The same year, Mika Singh sang Jugni from Tanu Weds Manu (2011), written by Rajshekhar, about a Westernised village bombshell who is desperately wooed by men: “Ho jugni kardi western dance, munde labh de phirde chance/Jugni angrezi padh di ae, naale kit-mit killa, naale kit-mit killa kardi ae (She does a Western dance, men try to find a chance with her/She has studied English, she talks fluently with speed).
Both Chaar Baj Gaye and Jugni became big hits. When Honey Singh exploded into the Hindi-Punjabi film music scene with Cocktail (2012), he expanded on the themes of excessive and defiant drinking and the big-city experiences of a woman from a small town.

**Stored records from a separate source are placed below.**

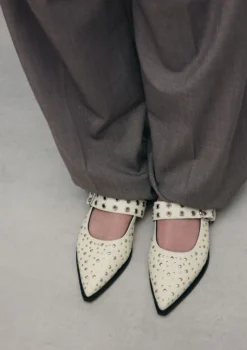 Off white leren slingbacks met studs en gesp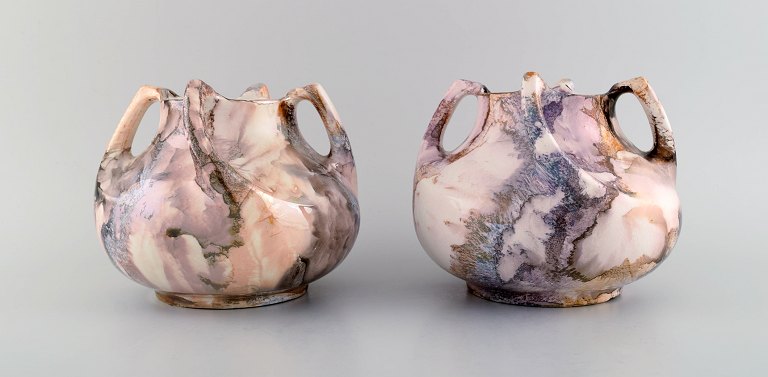 Alf Wallander for Rörstrand. A pair of vases in glazed ceramics. Turned handles and beautiful glaze with multicolored marble effect. Early 20th century.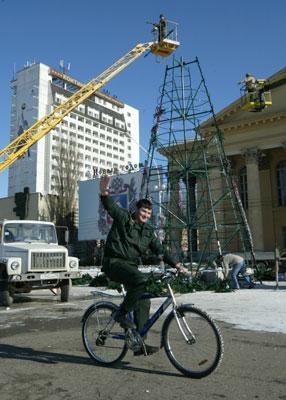 На главной площади Ставрополья демонтировали новогоднюю ёлку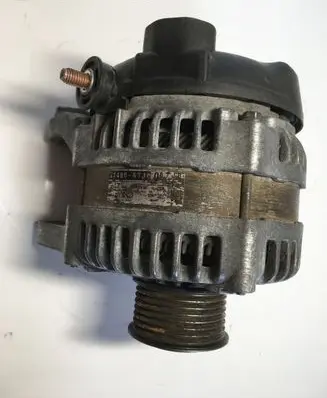 Suzuki Grand Vitara II Generator/alternator 3140067J0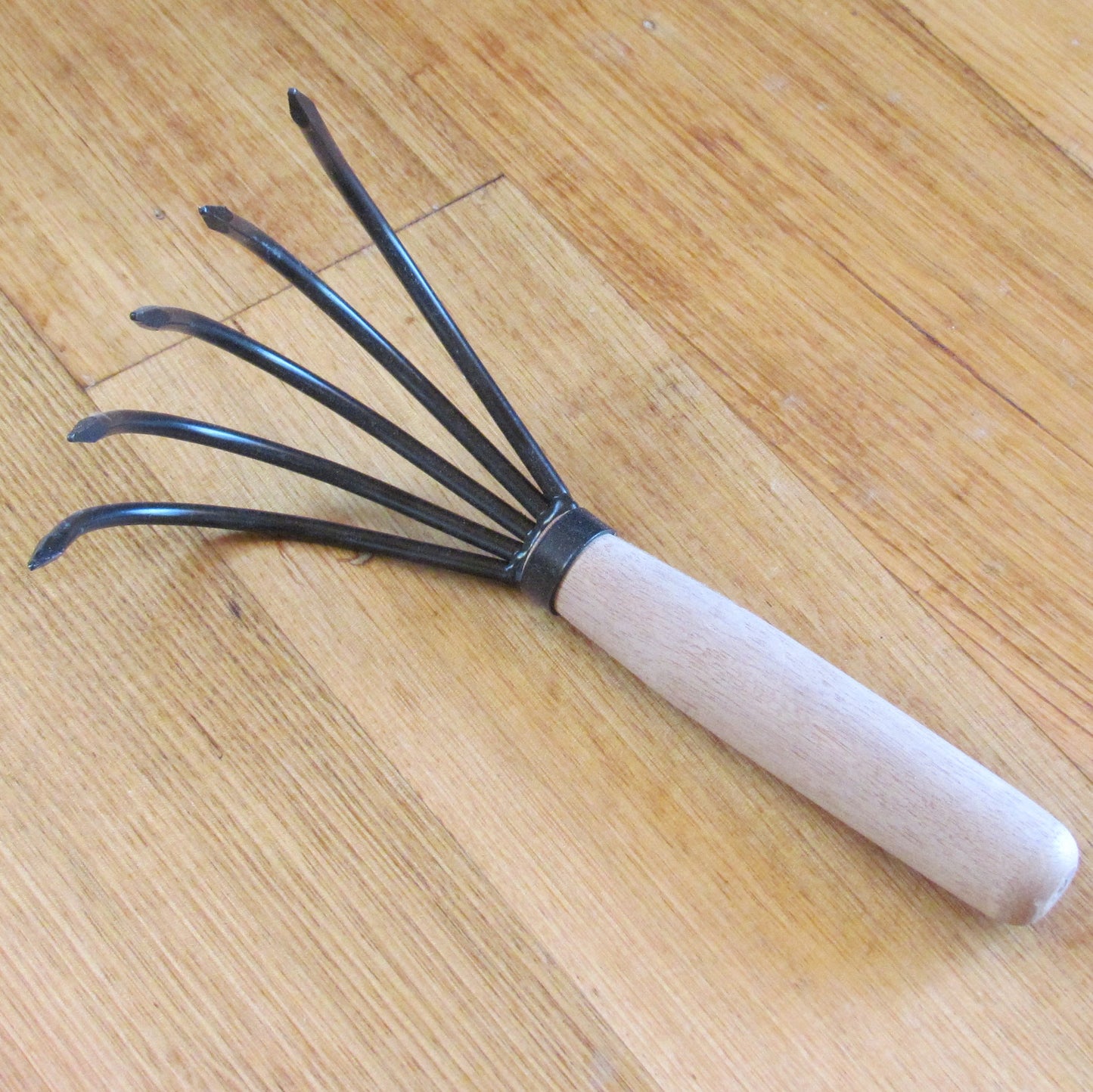 Hand Garden Tool - Ninja Claw Rake & Cultivator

Sample the lines from Honey Singh’s Angreji Beat from Cocktail, initially released as a single from his debut album International Villager (2011): “O khad taan ja tu nede aa, Bhai idda na tu gede kha/Oh kahton enni desperate, Saanu dasde ki hai rate” (Stop coming close to me, stop going here and there like this/Why are you so desperate, tell me what you charge). The song’s chorus is about men going wild as the woman dances to an English song.
The idea of a thrill-seeking party girl surrounded by feral drunk men made its way to subsequent Honey Singh hits.
In Party All Night from Boss (2013), Singh says: “Nikkar waali chhori ne ye vodka chadha rakhi hai/Ek khatam na ho ri isse, doosri mangwa rakhi hai” (The knicker-wearing girl is drunk on vodka/she’s unable to finish her drink but she is ordering another).
Its highly popular hookline “Aunty police bula legi/phir bhi party yoon hi chalegi” (The neigbouring woman will call the police but the party will continue) appealed to the rebellious streak of young party-goers, the target groups of these songs.
This defiance was also the key element of Honey Singh’s Chaar Botal Vodka from Ragini MMS 2 (2014), where the rapper declared that he drinks four bottles of vodka daily, and nobody can stop him. Singh also talks about hitting on women with companions because he is drunk (Pet bhar ke jitni bhi pee lo/kisi ki bandi ko bhi hello).
The singer did not mince words in the aptly-titled Alcoholic song from The Shaukeens (2014) which had the lines “Daaru ko main dudhu ki tarah pee jaaun” (I drink alcohol like it’s milk).
Around this time, there had been a growing backlash against the sexism in Honey Singh’s songs, particularly his non-film music, which began with the nationwide outrage after the 2012 Delhi gang rape and the subsequent debates about the normalisation of sexual misconduct. This was followed by the artist’s disappearance from public life between 2015 and 2017. In the resulting vacuum, the mantle of creating Punjabi party songs passed on to other musicians.
Badshah and Raftaar, Honey Singh’s former colleagues from the hip-hop band Mafia Mundeer, rose to the top of the party music space in Hindi cinema in this period, but diverged from the rapper’s brand of music. Even so, their songs were not without problems. Badshah’s breakout Bollywood hit Saturday Saturday from Humpty Sharma Ki Dulhania (2014), is an example of thinly veiled sexism.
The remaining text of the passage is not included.